Consider two networks (purple and orange) responding to some condition with response mean and now with a covariance about that mean. If we model responses as Gaussian, then the 2-Wasserstein distance between them has the nice property of having an analytic solution which nicely decouples into two quantities familiar to experimentalists. The first term is simply difference between the network conditional means.

The 2nd is what’s known as the Bures metric, which quantifies the difference in orientation and scale of the covariance noise clouds.

Geometrically, interpolating two covariances using the Bures metric traces out a path (a geodesic) between the two covariance clouds which linearly interpolates the sum of the principal axis standard deviations. The below plot shows the geodesic between covariance clouds \({\bf C}_a \rightarrow {\bf C}_b\) (90 degree rotation) and \({\bf C}_a \rightarrow {\bf C}_c\) (simple isotropic scaling). Note that the sum of principal axis standard deviations (i.e. sum of the square rooted eigenvalues) are linearly interpolated along the geodesic.

Intuitively, you can think of Wasserstein distance as the amount of work it takes to move and transform a pile of dirt that is shaped like the purple density to the orange one, or vice versa. Most importantly for us, Wasserstein distance is a metric, and therefore provides a natural stochastic extension to, and all the benefits of the deterministic shape metrics described above.

## Stochastic shape metrics on neural representations

Equipped with the Wasserstein distance, we developed a procedure that can take two networks with stochastic responses and globally align them using a single transform, which now takes into account both their conditional mean & covariance structure. The remaining difference between them is quantified as Wasserstein distance distance between the two joint distributions.

## Application: Variational Autoencoders

To demonstrate the utility and scalability of our stochastic shape metrics, we turn to variational autoencoders (VAEs). A VAE takes as input an image; after which, a neural network serves as a bottleneck to encode each input as a gaussian distribution. Another neural network then lifts out samples from these conditional densities to decode and reconstruct the input. These models are a perfect test-bed for our stochastic metric because the conditional responses are Gaussian by design, and so the Wasserstein distance is **exact**.

We used our method to compare 1800 different networks trained with different objectives and hyperparameters (Locatello et al. 2018). This distance matrix has about 1.6 million unique elements and would have taken ~10y of computation time if each pairwise distance was computed serially, but with some algorithm parallelization tricks, we were able to drop the compute time down from 10 years to a couple hours.

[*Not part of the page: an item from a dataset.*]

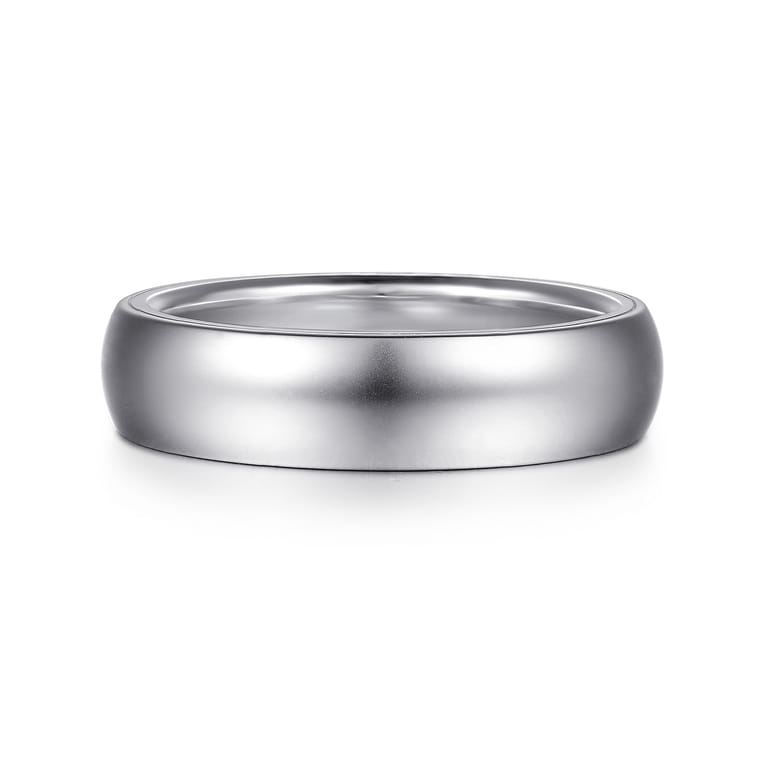 Soren - 14K White Gold 6mm Mens Wedding Band in Sand Blast Finish - Shot 1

With this distance matrix, because our method defines a metric on stochastic representations, we can visualize and embed each network into shape space, and colour each network by its objective. We see that each colour clusters together as we might hope, and that our method reveals representational differences between networks trained with different objectives. Alternatively, we can use non-parametric K-nearest-neighbours analyses directly on the distance matrix. Doing this, we found that it’s possible to quantify and decode various parameters of interest such as the objective, how well each VAE reconstructed its inputs, how well the latents were “disentangled”, and even their random initialization seed!

## Summary

Quantifying representational similarity is fundamental to neuroscience & ML. Shape metrics offer a principled way to compare responses of many networks. We develop shape metrics for stochastic neural responses. This method is highly scalable and can be used to compare thousands of networks simultaneously. These analyses can provide direct insight into how representational geometry relates experimental variables of interest (e.g. behaviour, task performance, etc.).